Experimental Kinetic Study of the Reactions of Hydroxyl Radicals With Three Oxymethylene Ethers and With 1,3,5-Trioxane, Tetrahydrofuran, and Tetrahydrofuran-d8

Abstract

Polyoxymethylene dimethyl ethers, CH₃O(CH₂O)_nCH₃ with n ≥ 1 (abbreviated in the literature also as OME-n, PODEn, POMDMEn, or OMDMEn) are currently discussed as renewable fuels. Despite fuel + OH reactions are crucial for the combustion chemistry and atmospheric degradation of fuels, experimental kinetic data on OME-n + OH do not exist in the literature for n > 1; only estimated or theoretically calculated values are available.

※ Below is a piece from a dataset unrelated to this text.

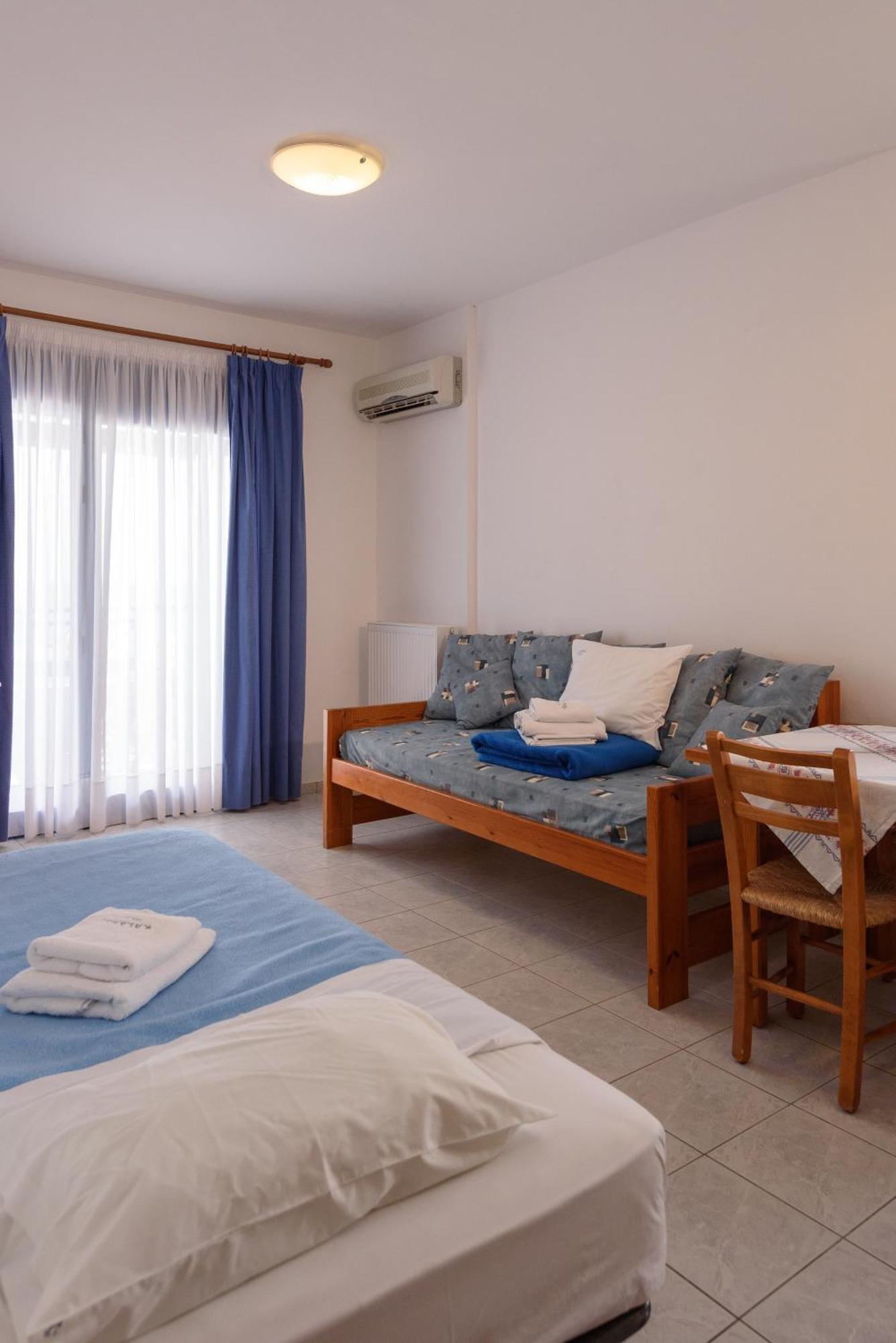 Finikas Studios & Apartments - Kalamaki Holidays Extérieur photo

In the present work, we present an experimental kinetic study of the reactions OH + OME-2 and OH + OME-3. For verification and comparison, identical experiments were also performed on the somewhat better-known reactions of OH with OME-1 and with the cyclic ethers 1,3,5-trioxane (TRI, C₃H₆O₃) and tetrahydrofuran (THF, C₄H₈O) as well as its perdeuterated isotopologue (THF-d8, C₄D₈O). Rate coefficients were determined as a function of temperature and pressure in slow-flow reactors with the pulsed laser photolysis/laser-induced fluorescence technique. The experiments were performed at temperatures between 250 and 520 K and pressures ranging from 0.2 to 5 bar (OME-2), 0.2 to 10 bar (OME-3), 0.2 to 0.9 bar (OME-1, TRI), and 0.2 to 0.8 bar (THF, THF-d8) with helium as bath gas. No significant pressure dependence of the rate coefficients was observed. The generally very weak temperature dependences are parameterized in Arrhenius form. Structural influences on reactivity are discussed and compared with predictions from structure-reactivity relationships.